President Barack Obama, seeking to extricate U.S. troops from long wars in Iraq and Afghanistan, has ruled out sending U.S. ground forces to Libya, a North African oil exporter which the United States long accused of sponsoring terrorism.
The rebels said there could be no deal to end the two-month-old civil war unless Gaddafi, who has ruled the country for more than four decades, left power.
Earlier, South African President Jacob Zuma, head of an AU delegation, said Gaddafi had accepted the plan, including a ceasefire proposal.
Clinton largely sidestepped a question at a news conference about the U.S. view of the peace plan, saying she had received accounts of the proposal and how it was received by both sides but said she was waiting to get "a full readout."
She did not directly address a query on whether the proposal required that Gaddafi step down.
"We have made it very clear that we want to see a ceasefire. We want to see the Libyan regime forces pull back from the areas that they have forcibly entered. We want to see a resumption of water, electricity and other services to cities that have been brutalized by the Gaddafi forces. We want to see humanitarian assistance reach the people of Libya. These terms are non-negotiable," Clinton told reporters.
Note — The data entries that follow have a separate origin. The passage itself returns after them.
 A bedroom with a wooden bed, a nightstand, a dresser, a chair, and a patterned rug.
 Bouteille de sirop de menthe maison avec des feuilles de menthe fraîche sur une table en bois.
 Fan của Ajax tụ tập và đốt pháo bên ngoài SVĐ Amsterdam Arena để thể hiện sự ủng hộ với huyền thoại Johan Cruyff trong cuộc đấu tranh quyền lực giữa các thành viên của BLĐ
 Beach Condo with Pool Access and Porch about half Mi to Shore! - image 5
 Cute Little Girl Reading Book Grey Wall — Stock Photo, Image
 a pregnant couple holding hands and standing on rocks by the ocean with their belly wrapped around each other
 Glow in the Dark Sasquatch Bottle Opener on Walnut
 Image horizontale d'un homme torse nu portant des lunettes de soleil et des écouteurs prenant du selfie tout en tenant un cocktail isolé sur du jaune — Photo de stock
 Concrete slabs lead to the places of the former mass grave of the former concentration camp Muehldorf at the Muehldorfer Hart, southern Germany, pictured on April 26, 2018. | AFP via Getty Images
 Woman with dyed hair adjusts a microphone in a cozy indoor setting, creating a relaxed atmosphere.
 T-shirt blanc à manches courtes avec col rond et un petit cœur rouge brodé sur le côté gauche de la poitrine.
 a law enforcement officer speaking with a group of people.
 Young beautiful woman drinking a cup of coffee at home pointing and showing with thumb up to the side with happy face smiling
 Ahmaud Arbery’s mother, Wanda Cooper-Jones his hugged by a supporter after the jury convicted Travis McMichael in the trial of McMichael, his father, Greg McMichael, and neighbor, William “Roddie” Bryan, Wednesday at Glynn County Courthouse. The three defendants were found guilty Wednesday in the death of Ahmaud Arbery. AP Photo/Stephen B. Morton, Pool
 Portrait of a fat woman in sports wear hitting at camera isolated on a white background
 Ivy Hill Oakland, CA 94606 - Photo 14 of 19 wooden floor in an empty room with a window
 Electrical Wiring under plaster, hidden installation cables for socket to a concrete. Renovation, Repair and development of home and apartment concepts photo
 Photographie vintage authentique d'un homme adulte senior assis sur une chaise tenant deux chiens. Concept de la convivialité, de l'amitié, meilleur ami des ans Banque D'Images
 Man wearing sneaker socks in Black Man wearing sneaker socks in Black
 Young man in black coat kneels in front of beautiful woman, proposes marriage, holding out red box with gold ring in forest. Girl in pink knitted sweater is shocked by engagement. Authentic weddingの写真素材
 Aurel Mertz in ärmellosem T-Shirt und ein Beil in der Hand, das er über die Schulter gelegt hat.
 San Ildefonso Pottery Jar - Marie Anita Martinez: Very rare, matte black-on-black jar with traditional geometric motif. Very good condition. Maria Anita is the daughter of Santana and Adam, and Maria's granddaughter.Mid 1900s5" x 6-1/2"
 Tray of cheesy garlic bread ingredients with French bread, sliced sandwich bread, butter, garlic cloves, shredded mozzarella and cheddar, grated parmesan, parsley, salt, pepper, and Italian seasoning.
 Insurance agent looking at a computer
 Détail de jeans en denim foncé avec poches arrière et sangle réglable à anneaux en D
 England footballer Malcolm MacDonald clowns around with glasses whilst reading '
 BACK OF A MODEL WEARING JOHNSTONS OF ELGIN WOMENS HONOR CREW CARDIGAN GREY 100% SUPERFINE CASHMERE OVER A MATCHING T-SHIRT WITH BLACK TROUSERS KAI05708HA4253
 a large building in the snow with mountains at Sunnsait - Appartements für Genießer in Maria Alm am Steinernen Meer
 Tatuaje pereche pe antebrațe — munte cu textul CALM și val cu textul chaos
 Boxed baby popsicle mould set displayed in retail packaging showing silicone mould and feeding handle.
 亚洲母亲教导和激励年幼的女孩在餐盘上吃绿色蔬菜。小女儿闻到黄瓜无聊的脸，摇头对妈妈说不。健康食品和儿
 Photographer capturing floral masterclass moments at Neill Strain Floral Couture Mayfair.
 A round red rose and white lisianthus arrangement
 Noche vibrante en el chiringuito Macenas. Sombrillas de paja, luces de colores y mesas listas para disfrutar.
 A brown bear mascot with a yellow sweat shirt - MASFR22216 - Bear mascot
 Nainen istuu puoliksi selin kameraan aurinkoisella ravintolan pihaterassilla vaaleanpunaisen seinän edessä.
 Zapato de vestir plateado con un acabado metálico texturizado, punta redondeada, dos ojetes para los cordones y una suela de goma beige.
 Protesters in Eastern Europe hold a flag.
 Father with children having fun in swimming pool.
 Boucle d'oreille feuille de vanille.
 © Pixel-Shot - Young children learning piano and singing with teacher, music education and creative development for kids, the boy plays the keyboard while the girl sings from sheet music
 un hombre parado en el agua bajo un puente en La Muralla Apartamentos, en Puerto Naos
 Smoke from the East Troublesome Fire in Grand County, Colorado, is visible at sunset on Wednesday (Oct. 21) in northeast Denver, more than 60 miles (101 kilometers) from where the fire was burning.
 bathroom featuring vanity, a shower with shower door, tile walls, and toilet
"We believe, too, that there needs to be a transition that reflects the will of the Libyan people and the departure of Gaddafi from power and from Libya," she added during a news conference with Finnish Foreign Minister Alexander Stubb.
A State Department official said her choice not to put Gaddafi's departure among the non-negotiable terms was not deliberate.
It "was not intentional. Our position remains that Gaddafi has to go," said the official, who spoke on condition that he not be identified.